Childhood and how it has changed down the centuries is always on my mind because I have a six-year-old daughter and, like all parents, I shuttle between the feeling that nobody has ever been a parent before - that I am blazing a trail (absurd, I know…) and, on the other hand, that I’m treading in the footprints of parents since time began, and that she is treading in the footprints of children.
And I start wondering how my daughter’s childhood in the early 21st century compares with mine in the 1960s. Then I move onto my mother’s in the 1920s or my grandfather’s in the 19th century. What have they had in common and how have they been totally different?

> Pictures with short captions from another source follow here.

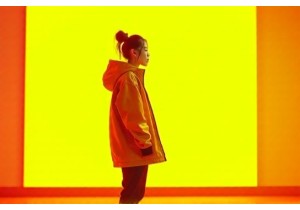 Chinese Youth Culture and the Digital Identity Revolution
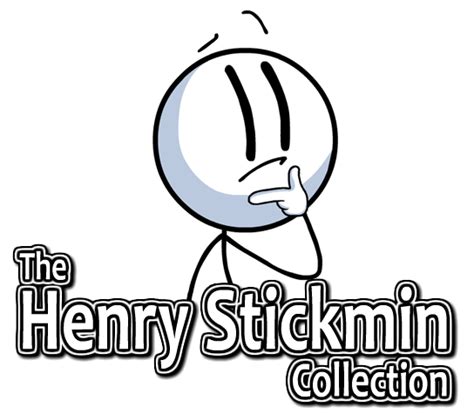 They include new henry stickmin games such as completing the mission and top henry. InnerSloth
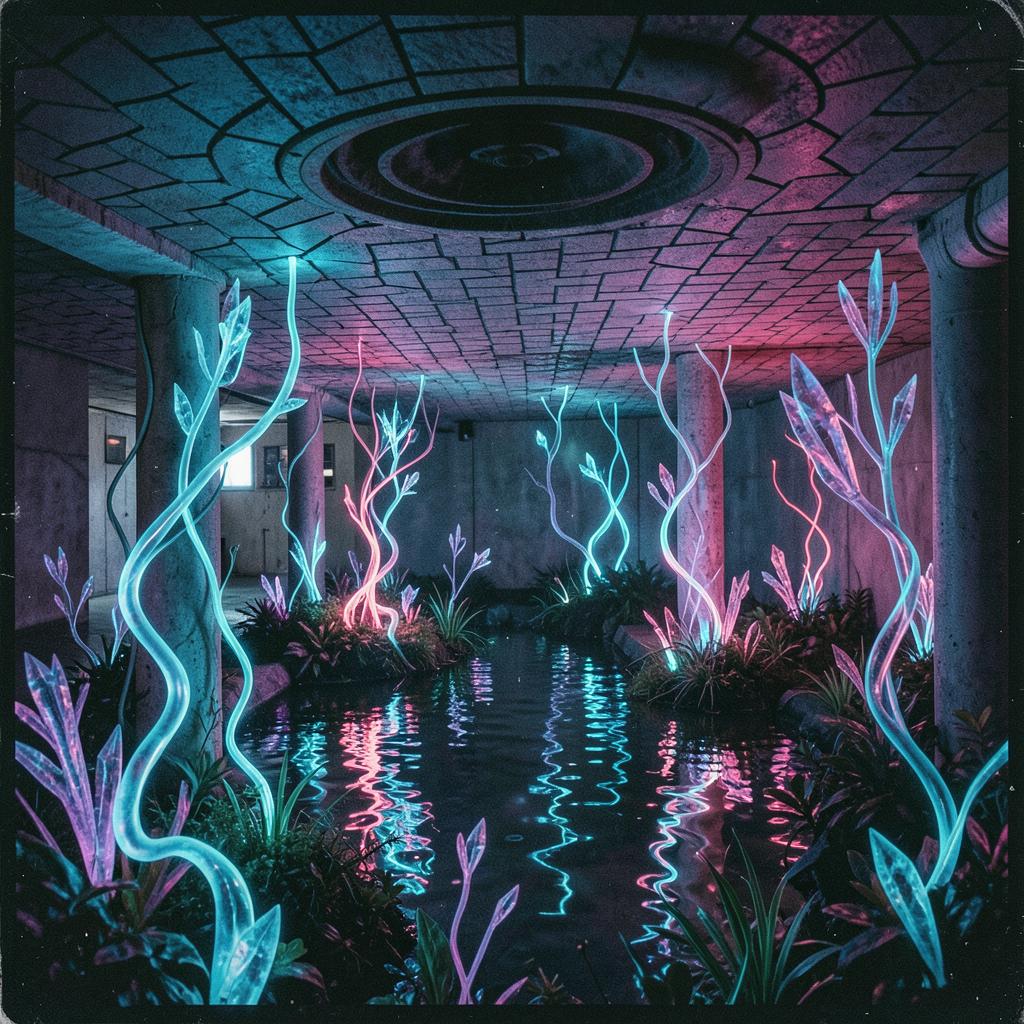 1115999_Sewer-garden artwork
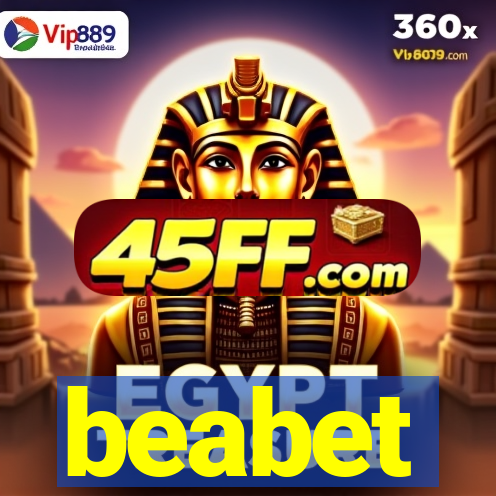 beabet
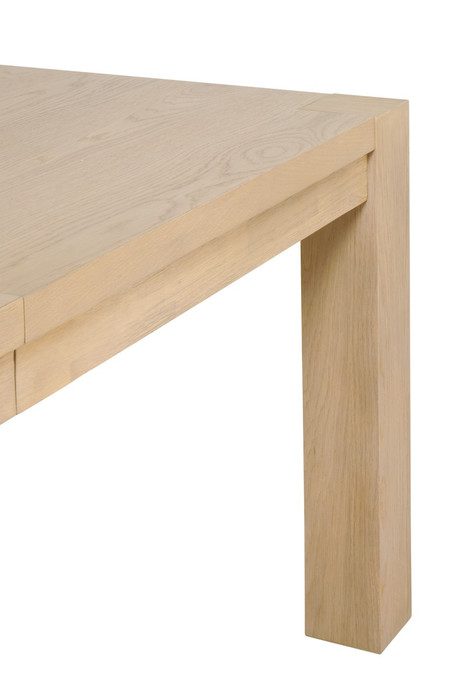 Essentials For Living - Adler Extension Dining Table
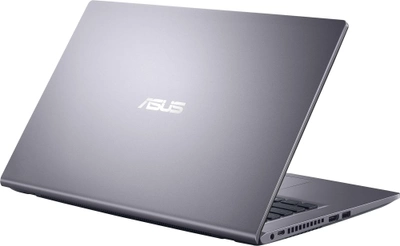 Ноутбук ASUS Laptop X415KA-EB127W (90NB0VH2-M00500) Slate Grey / Intel Pentium Silver N6000 / RAM 4 ГБ / SSD 128 ГБ / Windows 11 Home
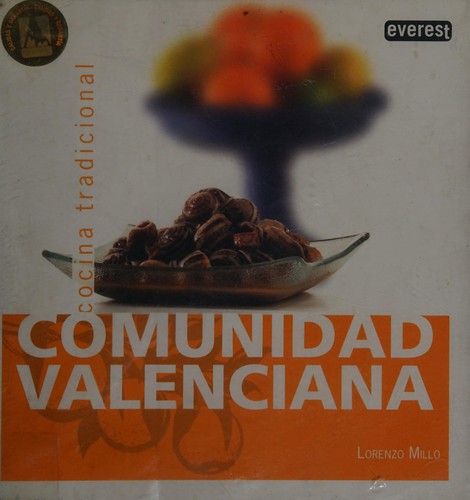 Comunidad Valenciana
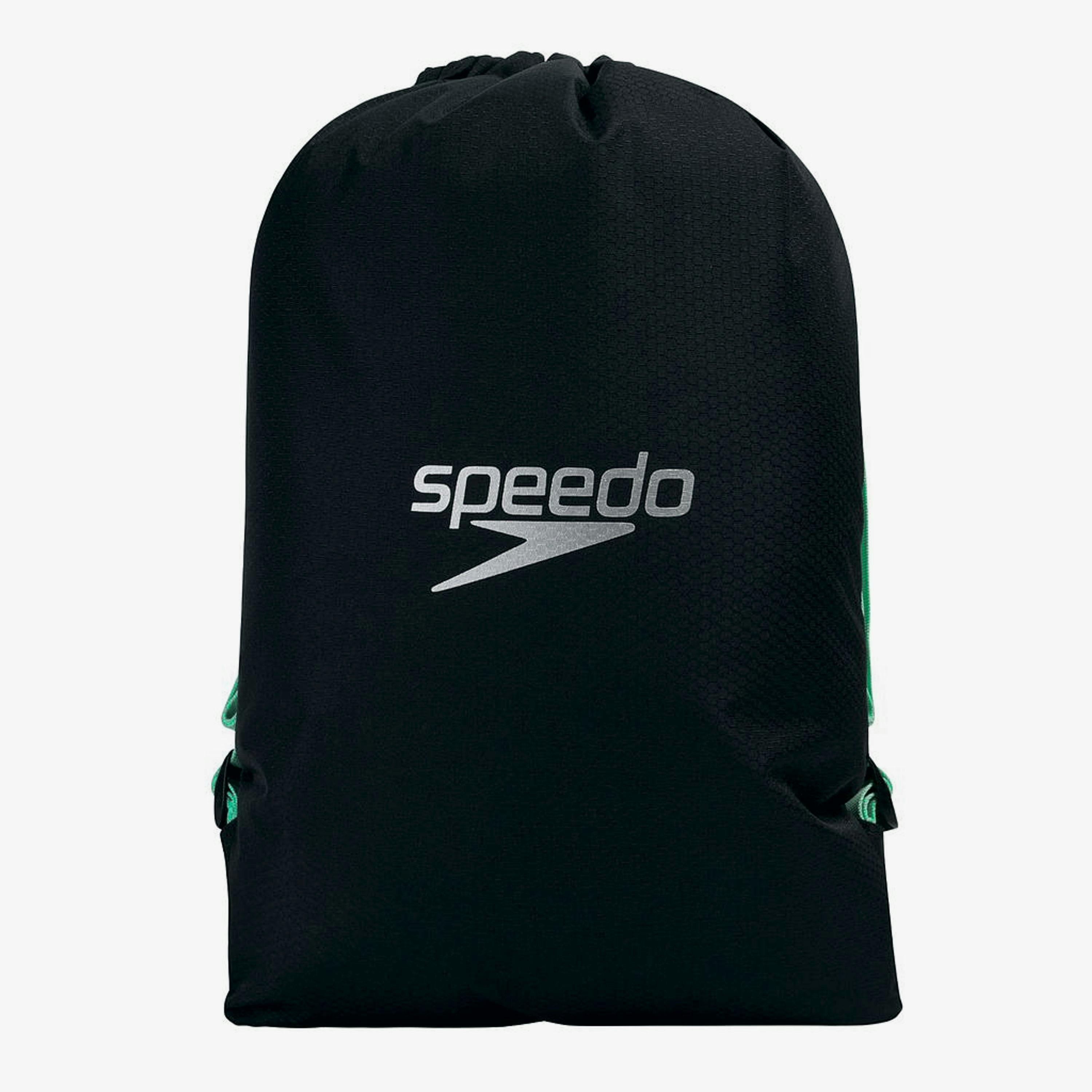 Speedo Pool Bag , view 1 of 1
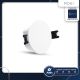 MOES ZigBee Smart Human Presence Detector
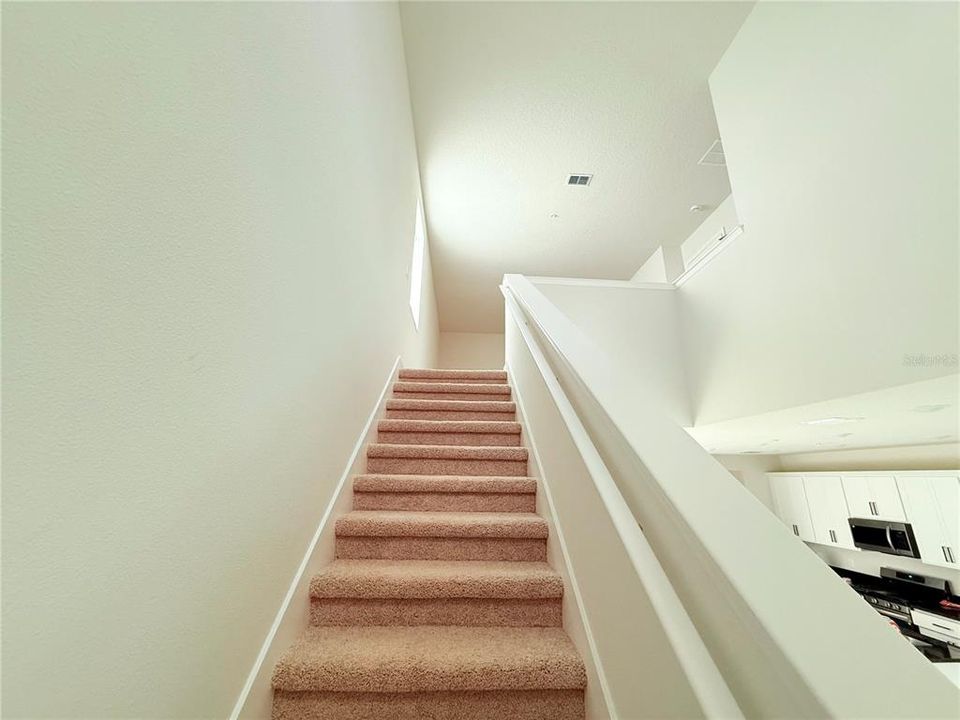 For Rent: $2,700 (4 beds, 3 baths, 2498 Square Feet)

I think of the major world events which have had an impact on each of those childhoods: the First World War, the Second World War, the Atom Bomb, the 'Swinging Sixties', 9/11… and I think also of the more personal, family ingredients which make up a childhood: my grandfather - the son of Jewish immigrants who spoke, all their lives, with thick foreign accents, my mother - a war-time evacuee, myself - one of six children, and my daughter who is a 'precious only'.
And then I discovered that nobody had ever attempted a chronological history of British childhood before - and I was really hooked.
It was only quite recently (in that slightly too last-minute way which is part of all creative processes), when Michael Morpurgo and I were working on episode 30 (episode 30, mind, - the very final programme!), that we felt we might be approaching some overview about the similarities and differences down the ages. It’s a fascinating, simple thing, which is - ultimately - the message of the entire series.
We’d been trying to find some really revealing extracts about childhood by contemporary children, and Michael had brought along this passage to our meeting. It’s called Playing Dentists. It appears in the final episode but listeners, of course, won’t have the pleasure of its punctuation and spelling:
The night before I went to the dentists, my sister and I were playing at dentists. She stamped on the floor that made the chair go up. She then switched on a lite. She used a pair of pliers out of my tool set for the pinchers. She used my bobble hat for a gas mask. She used a puddin dish for the thing you spit your blud into. She used a poker for the drill and a glass of water for the mouth wash. She tied me to the chair with some thick string and tied a hanky round my neck. She got a lolly stick and prest my tong back to see which tooth to pull out. She put a bit of rock in my mouth to keep it open and put my bobble hat on me. She took it off and got the pair of pliars and pretended to pull out my tooth. She took a look at it and then gave me the water and I pretended to wash out my mouth. She untied the hanky, but she didn't untie me from the chair. She hit me about ten times and then ran off. I shouted mum to come and untie me. After that next time we play shes defenetly going to be the patient.
We loved it and we laughed and laughed. But then we began to talk about why we loved it and here’s what we concluded: as a description of children playing (taking out a few details), it could come from any century: it’s packed full of the creativity, the imaginative play, the inventiveness, the daftness, and the anarchy that make children, children.
In other words, we began to see that, left to their own devices, children are and have always been pretty much the same, down the ages (it’s my guess they always will be too). Even the biological milestones children mark as they grow are pretty much unchanged. But childhood is a different matter entirely.
It’s actually adults and the world of adults which guide and govern the world of the child, much of the time, and this is why CHILDHOOD is an ever-changing thing - though some of the changes come round again and again. And it’s these changes across the centuries that provide the main storyline for our series. Constantly we try to find first-person evidence of what it was actually like to live life as a child at the time of, say, the invention of printing, the coming of the Puritans, or the Industrial Revolution to bring alive the individual lives of children within that bigger sweep of history.
And who’s it for? I hope it will appeal to parents, grandparents, aunts and uncles, teachers, psychologists, amateur historians such as the thousands who are tracing their own family histories, politicians, social workers, child-minders, doctors, nurses, …and, of course, anyone who has ever been a child themselves.